In its move to pack the keys in to what is really quite a small space, a number of the keys have a double purpose. There are six "F" keys with a further six if you press function. The arrow keys have had to be manipulated too. Instead of four standard keys, you now get a stiff single d-pad style key. It works, but for those who are big users of the arrow keys (as a writer I am one of them), then it's very off putting and very uncomfortable.
Typing is, once you get over that initial "it's curved" aspect, fairly good. There is plenty of travel on the keys giving them a definite punch to them and the chiclet design makes typing clean and unfettered.
Style-wise, the gloss black colouring is smart although the build quality isn't that great. Our test unit was wobbly on its feet at first, but this was soon fixed by grabbing the keyboard and flexing it in the opposite direction. A bendy keyboard with plenty of give in it isn't really what you want.
Powered by two AAA batteries the Microsoft Arc is connected to your PC or Mac (no software required, however Mac users will hate the Windows key icon glaring at them), via a miniature dongle that has clearly been designed to stay in place once you've plugged it in to your computer. When it does come to transporting it around, there is a magnetic well around the back that keeps it safe.

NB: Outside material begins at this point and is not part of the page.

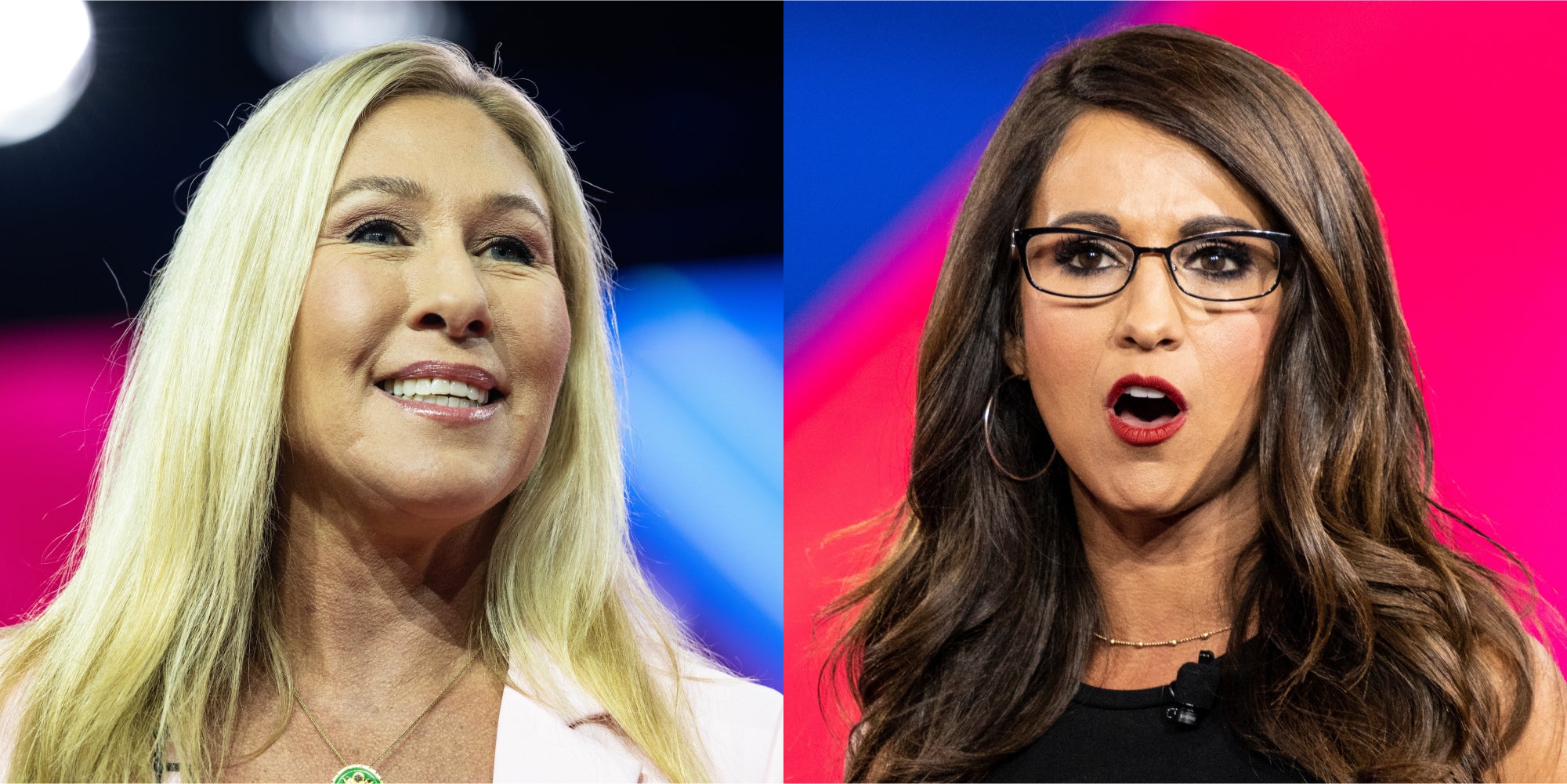 Marjorie Taylor Greene speaking in front of pink and blue background (l) Lauren Boebert speaking in front of pink and blue background (r)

The wireless design makes for a cleaner desk, however it's also worth noting that with no USB sockets on board you can't connect your mouse to the keyboard. The upshot of this is that you'll lose another USB socket on your computer. Not a biggie, but if you've only got two sockets on your laptop, it's something worth bearing in mind.
While the small footprint of the Microsoft Arc makes for a great portable keyboard we aren't so sure about the whole package. Some will immediately read that to mean that we struggled to get to grips with the arc/curved design and that has therefore tainted our view of the overall experience.
That isn't the case. Yes it's uncomfortable at first, and for some it won't be comfortable in the long run, but we're okay with that. It works, and you just get used to it. It certainly isn't as crazy as the company's ergonomic split keyboard of the mid-90s.
For us though, the lack of dedicated arrow buttons and basic playback buttons is the most frustrating thing. Combine that with a build quality that isn't what we would expect from Microsoft and a lack of USB socket to attach a mouse and we are left wanting more.